Mais qu’allait donc faire la présidente de la Commission dans cette jonque ?

Se comportant à nouveau comme un doux enfant de chœur, après s’être déconsidéré en multipliant ses démarches naïves auprès du dictateur Poutine, Monsieur Macron poursuit ses initiatives intempestives en sollicitant les « bons offices » du dictateur Xi Jinping, qu’il contribue ainsi à ériger en arbitre suprême, sans pouvoir espérer la moindre efficacité, ni disposer ce faisant d’autre mandat que, semble-t-il, sa volonté de se faire un nom dans l’Histoire.

Ainsi, du reste, que Monsieur Scholz lorsqu’en janvier dernier il s’était rendu en Amérique du Sud, il se comporte comme s’il était au moins ministre des Affaires étrangères de l’Union européenne. Il ne dispose cependant d’aucune légitimité pour définir la politique étrangère de l’UE. Monsieur Macron est seulement président de la République française, fonction dont l’usage aurait consacré sa prééminence en matière de politique étrangère française. Il ne peut se prévaloir d’aucune légitimité démocratique au niveau européen, pas plus, du reste, en cette matière qu’en d’autres. Au Conseil européen (des chefs de gouvernements), au titre de représentant du gouvernement français, il n’est que Unus inter pares. Comme également Monsieur Scholz quand il cherche à bloquer la politique de transition énergétique de l’Union au profit assez improbable de la fraction la plus rétrograde de l’industrie automobile Allemande.
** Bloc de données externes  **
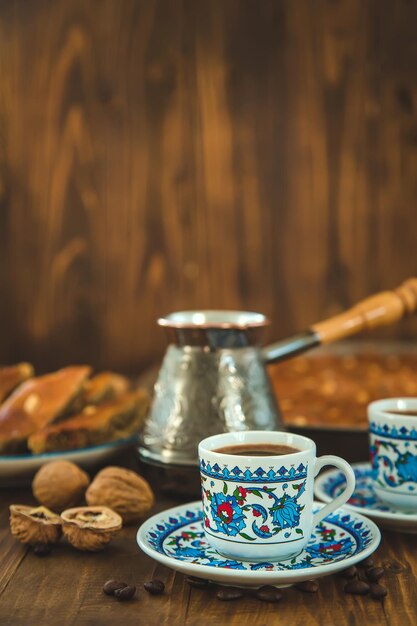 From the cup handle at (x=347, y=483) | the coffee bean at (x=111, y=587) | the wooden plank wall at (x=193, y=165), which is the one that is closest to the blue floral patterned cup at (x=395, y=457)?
the cup handle at (x=347, y=483)

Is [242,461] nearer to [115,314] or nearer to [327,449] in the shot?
[327,449]

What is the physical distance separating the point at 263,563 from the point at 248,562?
2 cm

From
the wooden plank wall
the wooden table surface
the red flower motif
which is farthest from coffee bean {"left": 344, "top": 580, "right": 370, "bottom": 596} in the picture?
the wooden plank wall

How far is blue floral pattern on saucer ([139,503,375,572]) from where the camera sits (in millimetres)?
834

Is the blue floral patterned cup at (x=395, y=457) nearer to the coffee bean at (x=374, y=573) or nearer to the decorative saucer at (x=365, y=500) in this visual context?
the decorative saucer at (x=365, y=500)

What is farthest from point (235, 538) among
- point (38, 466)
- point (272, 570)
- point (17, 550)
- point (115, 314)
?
point (115, 314)

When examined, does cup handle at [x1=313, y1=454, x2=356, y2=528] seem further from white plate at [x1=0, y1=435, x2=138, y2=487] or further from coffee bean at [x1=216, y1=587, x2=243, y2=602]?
white plate at [x1=0, y1=435, x2=138, y2=487]

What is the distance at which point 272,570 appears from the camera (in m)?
0.81

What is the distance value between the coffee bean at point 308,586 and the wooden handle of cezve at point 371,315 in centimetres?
46

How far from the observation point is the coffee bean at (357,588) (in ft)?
2.64

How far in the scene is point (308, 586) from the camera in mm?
808

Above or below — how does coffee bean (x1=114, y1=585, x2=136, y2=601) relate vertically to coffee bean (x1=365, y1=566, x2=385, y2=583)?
above

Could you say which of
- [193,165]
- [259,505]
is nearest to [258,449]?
[259,505]

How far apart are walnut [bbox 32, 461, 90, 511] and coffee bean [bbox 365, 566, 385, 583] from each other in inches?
16.6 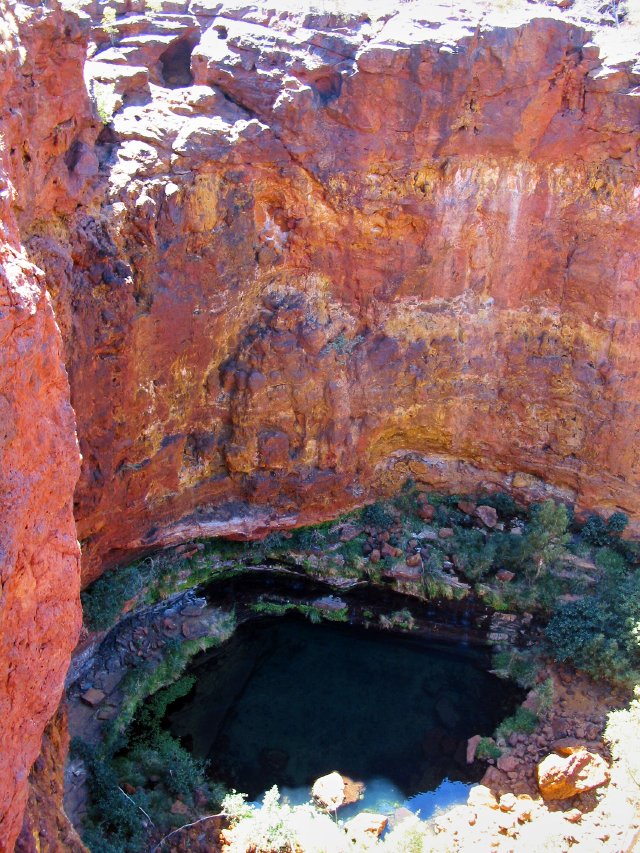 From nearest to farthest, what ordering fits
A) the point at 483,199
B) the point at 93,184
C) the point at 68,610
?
the point at 68,610 → the point at 93,184 → the point at 483,199

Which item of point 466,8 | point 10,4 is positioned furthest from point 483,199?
point 10,4

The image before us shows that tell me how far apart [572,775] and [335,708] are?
4.74 metres

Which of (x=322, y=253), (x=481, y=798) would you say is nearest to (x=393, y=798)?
(x=481, y=798)

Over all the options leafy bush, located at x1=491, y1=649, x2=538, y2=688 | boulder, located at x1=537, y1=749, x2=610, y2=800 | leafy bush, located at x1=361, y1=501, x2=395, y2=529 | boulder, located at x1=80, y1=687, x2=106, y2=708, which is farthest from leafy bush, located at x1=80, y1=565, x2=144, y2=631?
boulder, located at x1=537, y1=749, x2=610, y2=800

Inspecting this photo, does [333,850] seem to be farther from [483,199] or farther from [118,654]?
[483,199]

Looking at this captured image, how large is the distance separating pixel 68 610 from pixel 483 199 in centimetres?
1284

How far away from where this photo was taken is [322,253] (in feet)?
54.9

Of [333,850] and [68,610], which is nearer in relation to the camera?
[68,610]

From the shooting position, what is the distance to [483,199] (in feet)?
55.8

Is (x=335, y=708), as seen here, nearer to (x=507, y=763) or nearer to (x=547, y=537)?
(x=507, y=763)

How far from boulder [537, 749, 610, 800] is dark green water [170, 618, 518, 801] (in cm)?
143

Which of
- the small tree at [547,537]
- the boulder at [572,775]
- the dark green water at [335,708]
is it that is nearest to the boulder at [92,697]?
the dark green water at [335,708]

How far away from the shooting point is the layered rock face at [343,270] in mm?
13930

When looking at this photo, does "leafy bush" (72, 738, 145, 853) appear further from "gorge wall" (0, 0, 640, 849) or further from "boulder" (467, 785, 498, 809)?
"boulder" (467, 785, 498, 809) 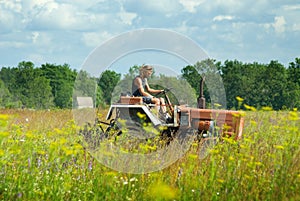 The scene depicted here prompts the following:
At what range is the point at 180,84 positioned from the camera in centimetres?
782

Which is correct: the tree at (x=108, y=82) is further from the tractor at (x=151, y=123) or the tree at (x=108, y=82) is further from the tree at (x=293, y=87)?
the tree at (x=293, y=87)

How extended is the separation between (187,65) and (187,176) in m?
2.62

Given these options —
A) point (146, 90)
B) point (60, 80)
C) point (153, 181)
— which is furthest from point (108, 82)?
point (60, 80)

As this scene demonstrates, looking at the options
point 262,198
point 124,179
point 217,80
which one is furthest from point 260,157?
point 217,80

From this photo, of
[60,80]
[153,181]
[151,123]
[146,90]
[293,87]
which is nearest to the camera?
[153,181]

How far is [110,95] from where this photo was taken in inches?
323

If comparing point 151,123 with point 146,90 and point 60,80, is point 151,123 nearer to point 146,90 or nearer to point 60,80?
point 146,90

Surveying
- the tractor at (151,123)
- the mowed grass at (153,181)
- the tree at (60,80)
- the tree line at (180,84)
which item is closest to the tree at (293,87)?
the tree line at (180,84)

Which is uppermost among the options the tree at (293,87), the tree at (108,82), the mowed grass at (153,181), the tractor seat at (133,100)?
the tree at (293,87)

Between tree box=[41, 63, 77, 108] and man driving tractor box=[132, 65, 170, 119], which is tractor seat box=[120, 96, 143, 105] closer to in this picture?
man driving tractor box=[132, 65, 170, 119]

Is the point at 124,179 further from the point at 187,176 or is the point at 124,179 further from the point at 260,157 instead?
the point at 260,157

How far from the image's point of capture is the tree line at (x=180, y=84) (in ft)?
25.9

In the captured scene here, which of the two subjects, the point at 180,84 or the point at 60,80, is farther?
the point at 60,80

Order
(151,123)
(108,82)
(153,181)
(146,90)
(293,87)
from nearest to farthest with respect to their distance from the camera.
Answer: (153,181)
(151,123)
(108,82)
(146,90)
(293,87) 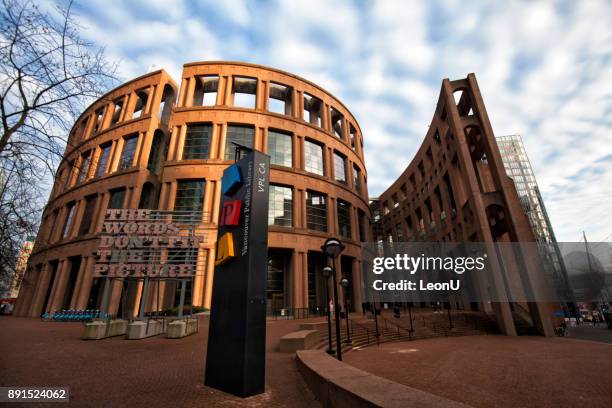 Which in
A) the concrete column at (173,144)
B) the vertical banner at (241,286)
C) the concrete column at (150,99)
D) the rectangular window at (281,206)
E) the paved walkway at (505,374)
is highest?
the concrete column at (150,99)

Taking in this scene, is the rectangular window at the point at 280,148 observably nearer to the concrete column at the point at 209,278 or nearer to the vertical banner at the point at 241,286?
the concrete column at the point at 209,278

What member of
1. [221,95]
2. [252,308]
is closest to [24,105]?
[252,308]

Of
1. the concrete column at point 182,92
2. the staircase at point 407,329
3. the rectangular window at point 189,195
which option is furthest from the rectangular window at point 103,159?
the staircase at point 407,329

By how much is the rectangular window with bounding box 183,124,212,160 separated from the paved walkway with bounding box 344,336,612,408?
83.2 ft

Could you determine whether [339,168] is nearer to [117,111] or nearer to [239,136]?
[239,136]

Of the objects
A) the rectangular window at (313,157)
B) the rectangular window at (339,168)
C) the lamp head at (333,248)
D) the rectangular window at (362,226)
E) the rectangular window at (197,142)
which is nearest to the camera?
the lamp head at (333,248)

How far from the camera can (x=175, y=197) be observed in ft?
92.7

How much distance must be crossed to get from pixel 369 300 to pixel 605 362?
31918 millimetres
Il est regrettable que la présidente de la Commission se soit laissée, sans mandat, si imprudemment entraîner et instrumentaliser dans cette aventure à haut risque, démarche qualifiée de « visite d’État » ? De quel État, d’État européen ? Ou bien fait-elle partie du gouvernement français ? Par ailleurs, la politique étrangère de l’UE n’est-elle pas le domaine du Haut représentant Borrell ? Il est urgent de mettre un peu d’ordre dans la pétaudière. L’UE a besoin, entre autres, d’une politique étrangère commune et unique.

En dépit d’interprétations abusives mais fréquentes, au sein du collège des Commissaires, dont le fonctionnement est collégial comme son nom l’indique, outre une fonction de représentation (de la Commission), la présidente organise et anime les débats. Mais elle ne dispose pas d’une autorité supérieure. Les traités intergouvernementaux (internationaux) qui continuent de régir le fonctionnement de l’UE ne lui accordent aucun autre rôle. Certaines compétences régaliennes doivent désormais s’exercer au niveau européen.

Il ne suffit pas de répéter inlassablement que « l’Europe doit être souveraine, et démocratique ». La souveraineté ne prend de sens que si l’Union se voit accorder les compétences correspondantes. Ce qui rappelle que la souveraineté ne vaut pas seulement vis à vis des puissances étrangères, mais aussi de ses États membres. Quant à la démocratie, il est insensé de la proclamer tant que le fonctionnement interne de l’UE n’est pas organisé par une constitution, une vraie, démocratique, que seuls peuvent lui accorder ses citoyens.

Depuis le 9 mai 1950, il y a soixante-treize ans, nous attendons cette évolution. Depuis soixante-treize ans, l’on va répétant que c’est prématuré, que le sujet n’est pas encore mûr. Combien de temps, combien de mandatures du Parlement européen devrons-nous encore attendre pour qu’il se saisisse enfin de ce rôle, un rôle qui lui revient de droit ? À quand un « Serment du Jeu de Paume » européen ? Combien de temps céderons-nous à la peur des mouvements nationalistes extrêmes ? Cela ira-t-il mieux demain ? Quand ? Combien de temps continuerons-nous d’accepter la tyrannie anti-démocratique de traités intergouvernementaux (internationaux) qu’inconsidérément certains proposent à nouveau d’amender, au nom d’une interprétation superficielle de la Conférence sur l’avenir de l’Europe : sérieusement, pourquoi les gouvernements des États membres accepteraient-ils de se départir de leur droit de veto ? Exigeons immédiatement l’avènement ultime de la démocratie au niveau européen ! Ne nous laissons pas proposer comme en 2004 le projet d’une fausse constitution sous la forme d’un traité international. Aucune constitution démocratique n’a jamais, nulle part, été établie par un traité international.

Lorsque l’Union sera démocratique, il existera enfin un espace et un débat politique européens vivants et de vrais partis politiques européens.

7 avril 2023

N.B. Une version un peu plus ancienne de cet article a été publiée le 14 avril 2023 par Sauvons l’Europe.